Excerpt from the entries below: please repeat exactly the lines from the one containing "Postel nebo postele" through the last one, both ends included, with no pictures.

### Items from a dataset
○ ○ ○ ○ ○ ○ ○

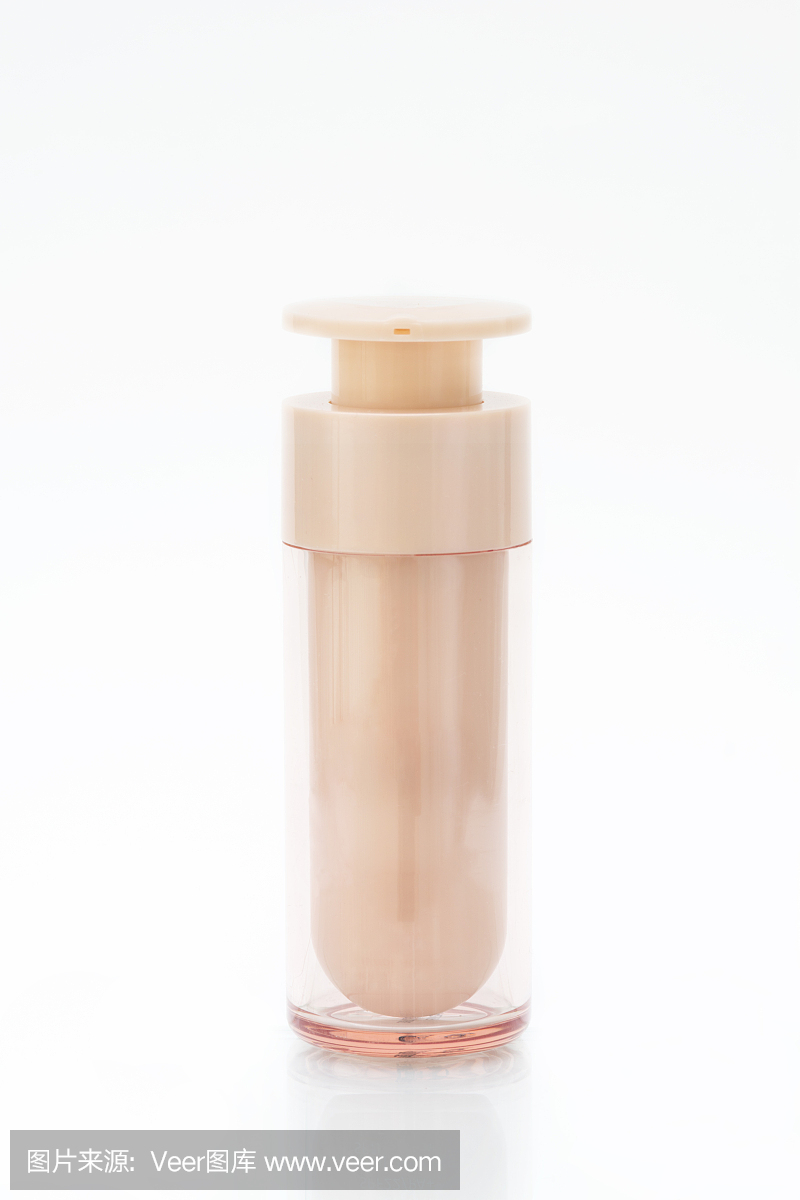 孤立的浅棕色瓶子用于血清或美容产品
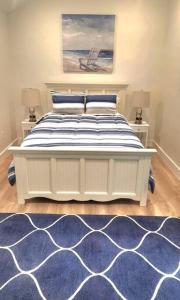 Postel nebo postele na pokoji v ubytování Relaxing Retreat and Modern Charm in Historic Saint Augustine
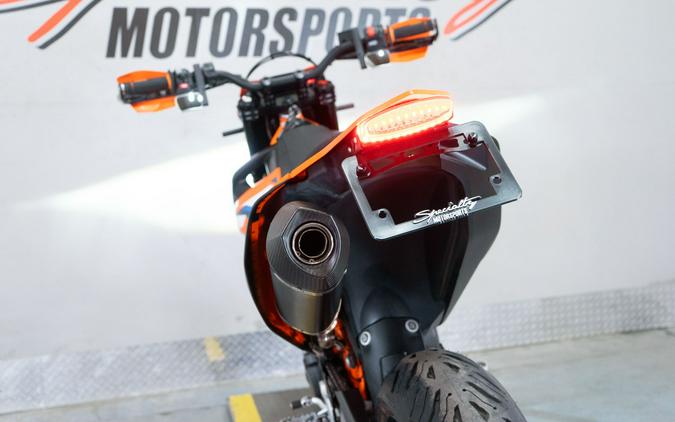 2023 KTM 690 SMC R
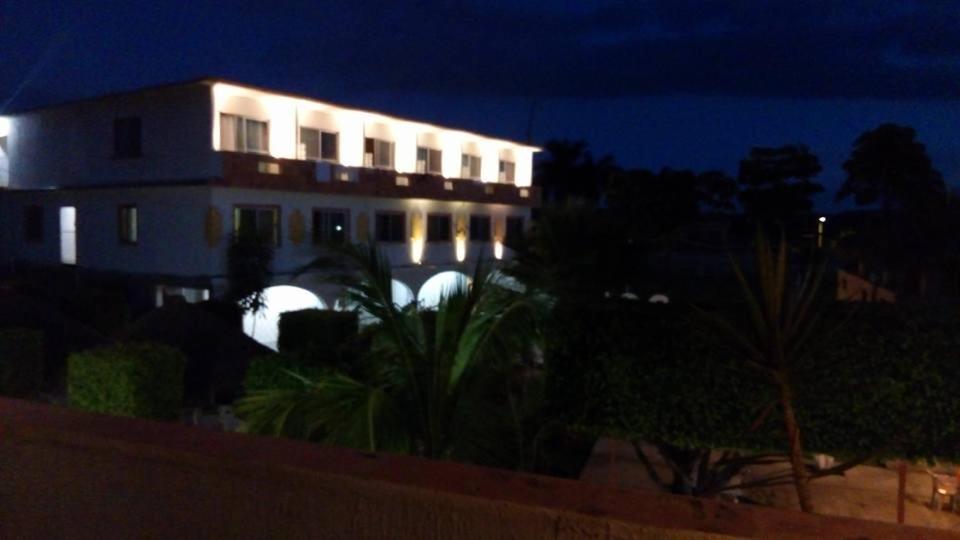 Hotel San Carlos ג'אוטפק מראה חיצוני תמונה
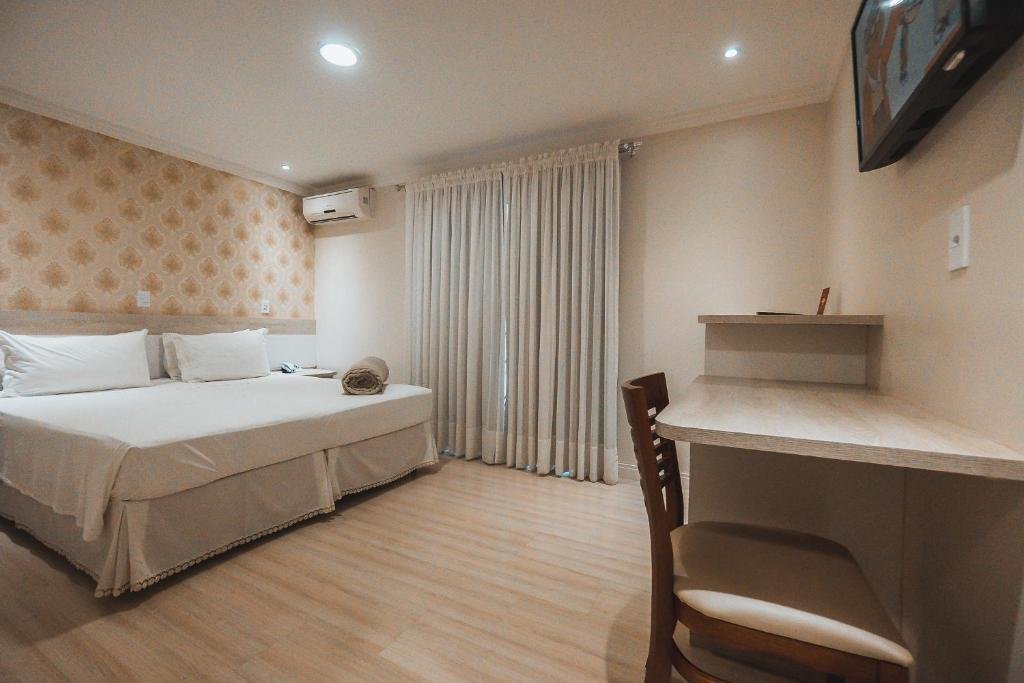Quarto Duplo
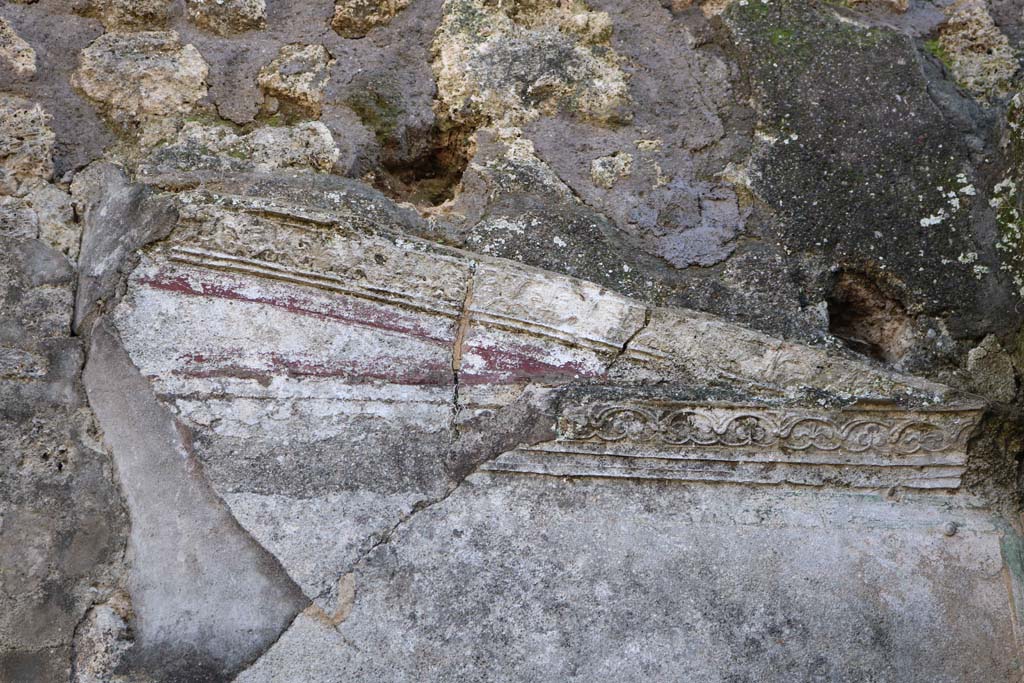 IX.2.7 Pompeii. December 2018. Room (b), detail of remaining stucco cornice on south wall. Photo courtesy of Aude Durand.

○ ○ ○ ○ ○ ○ ○

### Response to this task
 Postel nebo postele na pokoji v ubytování Relaxing Retreat and Modern Charm in Historic Saint Augustine
 2023 KTM 690 SMC R
 Hotel San Carlos ג'אוטפק מראה חיצוני תמונה
Quarto Duplo
 IX.2.7 Pompeii. December 2018. Room (b), detail of remaining stucco cornice on south wall. Photo courtesy of Aude Durand.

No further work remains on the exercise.